James D. Weinland’s How to Improve Your Memory is, in my mind, primarily a book on study skills. Weinland’s interest is learning, and memory is an important part of that.
As I read the book, it seemed to me that learning successfully is built on four areas: intention, attention, repetition and organization. Weinland has tips related to all of these.
Intention to learn is easy to come by when you have an interest in a subject. If you’re not interested, you’ll need to find some other motivation. Think about why you’re studying a subject and the benefits you hope to achieve. Even if you’re a student and you “have to” take a class, think of the opportunities that might open up to you if you get a good grade.
Attention is very important to memory and learning. If you forget something, it is very likely you weren’t paying attention to begin with. Remove distractions from your environment and mind (this wasn’t an issue when this book was published in 1957, but put away your cell phone and put it out of your mind). Engage as many senses as you can.
Remember that attention isn’t an infinitely available commodity. Get the rest you need. Don’t burn yourself out by focusing too long on one subject or closely related subjects. Give your mind, especially the executive functions a break, by alternating unrelated subjects, switching back and forth from mental to physical activities and making a little time for rest and recreation.
Repetition is important to memory, but it doesn’t need to be boring. Allowing time between practice sessions can actually improve performance.

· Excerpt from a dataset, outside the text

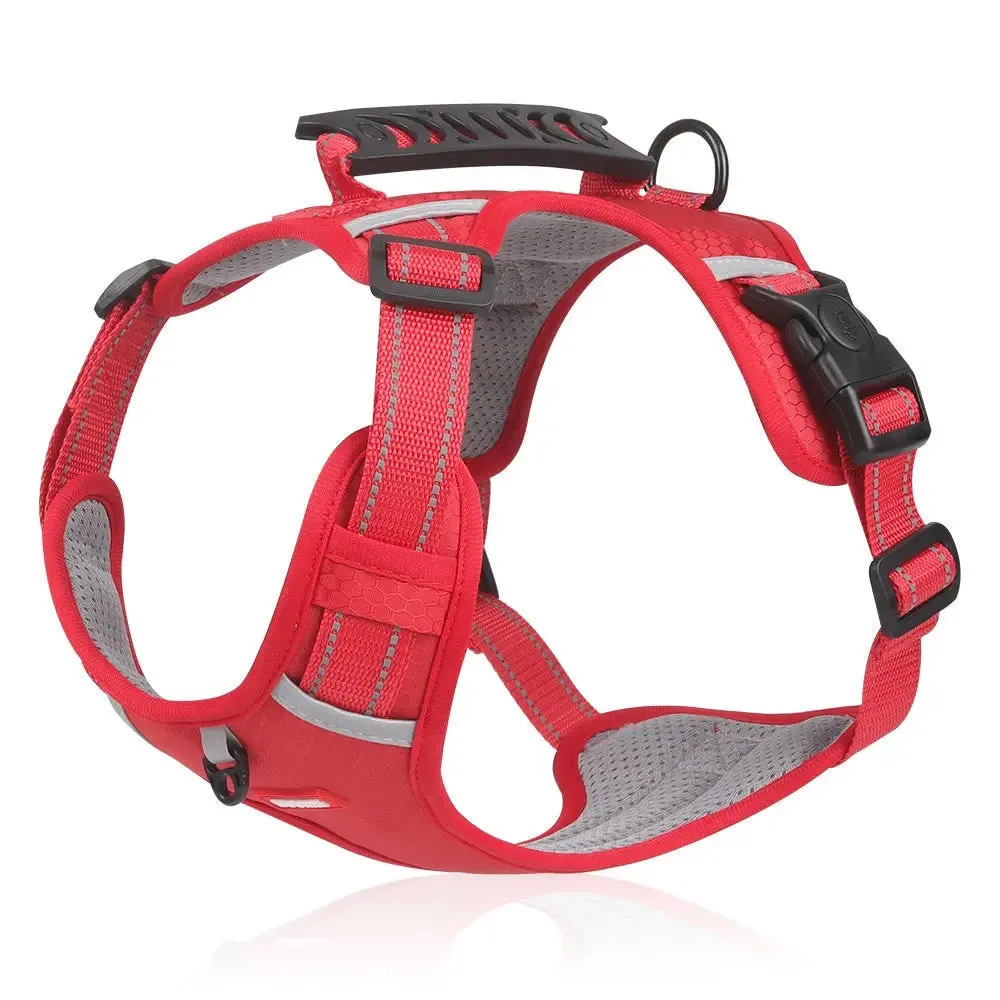 Pet Vest - Hand Holding Rope Vest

Organization can go a long way to making learning easier. Some of the most successful mnemonic techniques involve arranging and associating things we want to remember with things we already remember well, especially locations. For instance, pigeonholing involves creating a spacial arrangement, such as a grid, with things to be remembered in each space. Mind maps do something similar with a more free-form arrangement that also takes advantage of our ability to remember images and colors. Memory castles are sophisticated applications of this strategy. Understanding how things are divided into wholes and parts or groups can help you break down subjects into smaller, easier to remember, parts that are connected so that remembering on item helps you remember the others.
I tend to connect the use of meaningful association to the idea of organization. Meaningful association builds on what you already know. This could be building on or filling in your background on a subject, finding analogies to familiar or using acronyms and rhymes. A related practice is it to come up with an outrageous image that represents what you want to remember. We find it easy to remember images—the more unusual the image the easier it is to recall—so we can take advantage of that by associating what we want remember with a crazy image that reminds of it.
The book is dated, but I think the advice is applicable even if the science of memory has advance. In addition, the book has the advantage of being short.